First, Pete Sessions, R, Texas, lost his seat in the midterm elections to a Democrat. Pete, who had said on the Ways and Means committee, has blocked every piece of cannabis legalization legislature from reaching Congress for a vote. He literally blocked all cannabis bills, including those for veterans, from reaching the floor of Congress so there could be a vote.
According to a report by the New York Times, US President Donald Trump has just asked Attorney General Jeff Sessions to resign as part of his efforts to clean house following the midterms. Trump made the move less than 24 hours after the Republicans lost control in the House of Representatives, and Sessions responded with his resignation letter.
The move isn’t too surprising, considering that the president has continuously been criticizing Sessions.
The former Alabama GOP senator has long been a staunch opponent of cannabis legalization; so much so that when he was appointed Attorney General, it rattled everyone in the community including investors.
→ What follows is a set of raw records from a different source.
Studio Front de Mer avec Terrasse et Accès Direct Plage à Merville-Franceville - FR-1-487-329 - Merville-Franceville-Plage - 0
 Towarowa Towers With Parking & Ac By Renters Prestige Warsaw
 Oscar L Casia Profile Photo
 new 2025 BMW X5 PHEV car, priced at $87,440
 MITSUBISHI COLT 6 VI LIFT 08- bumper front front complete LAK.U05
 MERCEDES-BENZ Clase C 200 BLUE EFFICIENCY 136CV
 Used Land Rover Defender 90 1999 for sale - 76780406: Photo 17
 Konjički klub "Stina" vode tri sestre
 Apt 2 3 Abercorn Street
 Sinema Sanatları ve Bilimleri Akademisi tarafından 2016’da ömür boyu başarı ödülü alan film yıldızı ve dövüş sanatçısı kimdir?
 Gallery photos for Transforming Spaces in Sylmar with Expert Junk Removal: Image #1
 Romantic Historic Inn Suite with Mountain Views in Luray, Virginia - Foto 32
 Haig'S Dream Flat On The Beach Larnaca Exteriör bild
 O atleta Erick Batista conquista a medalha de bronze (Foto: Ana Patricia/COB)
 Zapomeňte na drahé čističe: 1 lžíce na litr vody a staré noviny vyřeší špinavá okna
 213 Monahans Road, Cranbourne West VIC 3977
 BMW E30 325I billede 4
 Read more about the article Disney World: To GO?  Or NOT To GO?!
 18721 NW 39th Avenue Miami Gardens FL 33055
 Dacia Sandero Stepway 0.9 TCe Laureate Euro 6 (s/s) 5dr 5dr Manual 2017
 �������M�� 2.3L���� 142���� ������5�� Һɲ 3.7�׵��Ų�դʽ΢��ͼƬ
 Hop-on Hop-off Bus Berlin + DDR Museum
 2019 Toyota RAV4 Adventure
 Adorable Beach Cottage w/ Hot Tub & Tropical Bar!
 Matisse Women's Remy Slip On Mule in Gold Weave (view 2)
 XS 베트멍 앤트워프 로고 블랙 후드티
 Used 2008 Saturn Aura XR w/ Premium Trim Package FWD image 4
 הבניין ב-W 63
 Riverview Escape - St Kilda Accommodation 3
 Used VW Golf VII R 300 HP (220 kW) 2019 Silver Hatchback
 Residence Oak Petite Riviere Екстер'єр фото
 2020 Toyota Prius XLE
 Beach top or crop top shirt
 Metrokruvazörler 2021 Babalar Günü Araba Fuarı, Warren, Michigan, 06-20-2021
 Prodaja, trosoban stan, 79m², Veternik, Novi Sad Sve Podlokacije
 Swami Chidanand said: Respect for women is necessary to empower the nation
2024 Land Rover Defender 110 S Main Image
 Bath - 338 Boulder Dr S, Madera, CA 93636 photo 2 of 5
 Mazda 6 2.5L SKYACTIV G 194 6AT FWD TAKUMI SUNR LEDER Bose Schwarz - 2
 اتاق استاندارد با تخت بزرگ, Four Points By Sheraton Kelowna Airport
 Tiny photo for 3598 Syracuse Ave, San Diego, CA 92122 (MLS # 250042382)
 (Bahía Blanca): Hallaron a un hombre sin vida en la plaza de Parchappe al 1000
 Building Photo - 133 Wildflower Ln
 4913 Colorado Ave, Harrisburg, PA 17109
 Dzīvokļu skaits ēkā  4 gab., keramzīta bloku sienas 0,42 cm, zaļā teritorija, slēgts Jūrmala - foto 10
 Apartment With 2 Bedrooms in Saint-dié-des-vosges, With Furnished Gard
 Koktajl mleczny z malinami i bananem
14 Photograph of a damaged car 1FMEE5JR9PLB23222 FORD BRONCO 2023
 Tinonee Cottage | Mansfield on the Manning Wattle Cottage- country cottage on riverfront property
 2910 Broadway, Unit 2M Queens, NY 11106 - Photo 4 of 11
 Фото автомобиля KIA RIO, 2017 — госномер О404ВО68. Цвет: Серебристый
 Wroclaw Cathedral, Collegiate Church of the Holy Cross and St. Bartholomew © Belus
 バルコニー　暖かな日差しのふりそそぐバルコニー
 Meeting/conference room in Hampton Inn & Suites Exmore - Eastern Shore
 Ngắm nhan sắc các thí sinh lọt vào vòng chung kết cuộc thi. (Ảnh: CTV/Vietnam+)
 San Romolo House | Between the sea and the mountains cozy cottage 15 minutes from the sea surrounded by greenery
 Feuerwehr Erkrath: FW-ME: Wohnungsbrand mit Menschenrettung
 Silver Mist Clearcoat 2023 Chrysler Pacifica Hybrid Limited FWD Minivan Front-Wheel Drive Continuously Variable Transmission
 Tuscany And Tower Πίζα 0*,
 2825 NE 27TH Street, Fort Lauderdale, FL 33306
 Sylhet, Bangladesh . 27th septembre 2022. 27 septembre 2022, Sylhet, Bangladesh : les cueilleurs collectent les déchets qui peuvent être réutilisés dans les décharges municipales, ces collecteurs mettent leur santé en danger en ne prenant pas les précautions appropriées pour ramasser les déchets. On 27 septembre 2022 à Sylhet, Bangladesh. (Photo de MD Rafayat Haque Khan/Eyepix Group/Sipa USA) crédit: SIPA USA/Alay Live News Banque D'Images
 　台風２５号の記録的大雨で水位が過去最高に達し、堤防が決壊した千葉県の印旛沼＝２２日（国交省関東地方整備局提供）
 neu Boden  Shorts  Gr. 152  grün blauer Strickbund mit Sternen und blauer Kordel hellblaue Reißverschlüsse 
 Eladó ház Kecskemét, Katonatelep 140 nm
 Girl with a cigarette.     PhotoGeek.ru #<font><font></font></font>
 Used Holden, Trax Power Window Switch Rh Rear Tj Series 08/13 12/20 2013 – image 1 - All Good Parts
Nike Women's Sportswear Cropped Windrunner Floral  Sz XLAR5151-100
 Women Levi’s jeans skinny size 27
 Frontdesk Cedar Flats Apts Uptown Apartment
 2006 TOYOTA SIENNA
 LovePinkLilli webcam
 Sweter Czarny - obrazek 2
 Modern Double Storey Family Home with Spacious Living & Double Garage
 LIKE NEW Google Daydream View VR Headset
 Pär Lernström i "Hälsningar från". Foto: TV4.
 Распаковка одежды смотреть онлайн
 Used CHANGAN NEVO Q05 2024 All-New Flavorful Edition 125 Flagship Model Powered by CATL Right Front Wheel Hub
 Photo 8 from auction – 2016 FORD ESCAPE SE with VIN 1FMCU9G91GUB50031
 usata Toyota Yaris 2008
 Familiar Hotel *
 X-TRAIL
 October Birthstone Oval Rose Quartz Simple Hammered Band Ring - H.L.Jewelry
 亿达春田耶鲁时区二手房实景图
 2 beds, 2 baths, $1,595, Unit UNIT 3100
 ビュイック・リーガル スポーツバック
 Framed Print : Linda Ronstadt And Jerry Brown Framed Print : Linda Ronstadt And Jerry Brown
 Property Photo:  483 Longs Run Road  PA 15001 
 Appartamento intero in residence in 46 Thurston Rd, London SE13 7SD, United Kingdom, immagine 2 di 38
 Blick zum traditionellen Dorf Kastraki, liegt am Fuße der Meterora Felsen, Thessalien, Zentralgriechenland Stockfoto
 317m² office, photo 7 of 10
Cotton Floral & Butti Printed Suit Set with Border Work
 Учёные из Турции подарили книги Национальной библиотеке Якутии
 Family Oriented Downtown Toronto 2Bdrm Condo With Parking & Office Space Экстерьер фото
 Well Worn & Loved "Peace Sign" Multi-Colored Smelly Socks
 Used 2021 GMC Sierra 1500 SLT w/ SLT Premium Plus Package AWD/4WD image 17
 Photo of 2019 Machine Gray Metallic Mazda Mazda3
But news of his resignation actually boosted cannabis stocks. Sessions’ chief of staff, Matthew Whitaker, will be replacing him. Whitaker is an ex US attorney in the Southern District of Iowa who worked during the term of George W. Bush, from 2004 to 2009.
The very presence of Sessions in the government made it almost impossible for further cannabis legalization. He has effectively blocked several initiatives to legalize cannabis. One of the worst things he did was rescinding the Cole Memo in January this year; a set of federal protections for state-level cannabis businesses which was put in place by the Obama administration. This move sent panic throughout the cannabis industry, crippling businesses amid fears of a crackdown from the government because it shifted federal policy from its former hands-off approach to now giving the feds the freedom to go after cannabis possession, cultivation, and distribution even in states where it’s been legalized.
“In deciding which marijuana activities to prosecute under these laws with the department’s finite resources, prosecutors should follow the well-established principles that govern all federal prosecutions,” Sessions wrote in a memo sent to federal prosecutors. “These principles require federal prosecutors deciding which cases to prosecute to weigh all relevant considerations of the crime, the deterrent effect of criminal prosecution, and the cumulative impact of particular crimes on the community.”
That’s not all.
In May 2017, he issued a memo that would reverse compassionate drug conviction policies, also established within the Obama administration, which would send us back to the Drug War period in terms of minimum sentencing. These policies would apply even to non-violent drug offenders. His memo was sent to thousands of assistant attorneys all over the country, including assistant district attorneys located in Washington DC, where he orders them to “charge and pursue the most serious, readily provable offense.”
Sessions’ 8-paragraph memo took over the commands of former Attorney General Eric Holder Jr., who back in 2013 criticized drug penalties. Holder advised prosecutors to carefully consider individual circumstances of each case, and exercise caution before charging drug crimes. For nonviolent cases wherein there have been no significant criminal histories and no links to criminal organizations, Holder ordered prosecutors to eliminate details regarding drug quantities from the charging documents so that this wouldn’t result in harsher penalties. He said that the Sessions’ new policies were “unwise and ill-informed”.
A month later, Sessions requested Congress to restore the funding reserved for the federal enforcement of prohibition in states where cannabis is legal. He specifically asked lawmakers to oppose the Rohrabacher-Farr amendment, which stops the Department from meddling in state-approved laws. “I believe it would be unwise for Congress to restrict the discretion of the Department to fund particular prosecutions, particularly in the midst of an historic drug epidemic and potentially long-term uptick in violent crime,” Sessions wrote. “The Department must be in a position to use all laws available to combat the transnational drug organizations and dangerous drug traffickers who threaten American lives.”
In September 2018, some US senators wrote to Sessions, asking about the delayed licensing encountered by potential cannabis cultivators which were needed for conducting federally funded cannabis research. These additional licenses were requested by President Obama, and nothing happened.
Having said that, there’s absolutely every reason to celebrate now that Sessions is out of a job. Let’s hope that Whitaker will do a better job.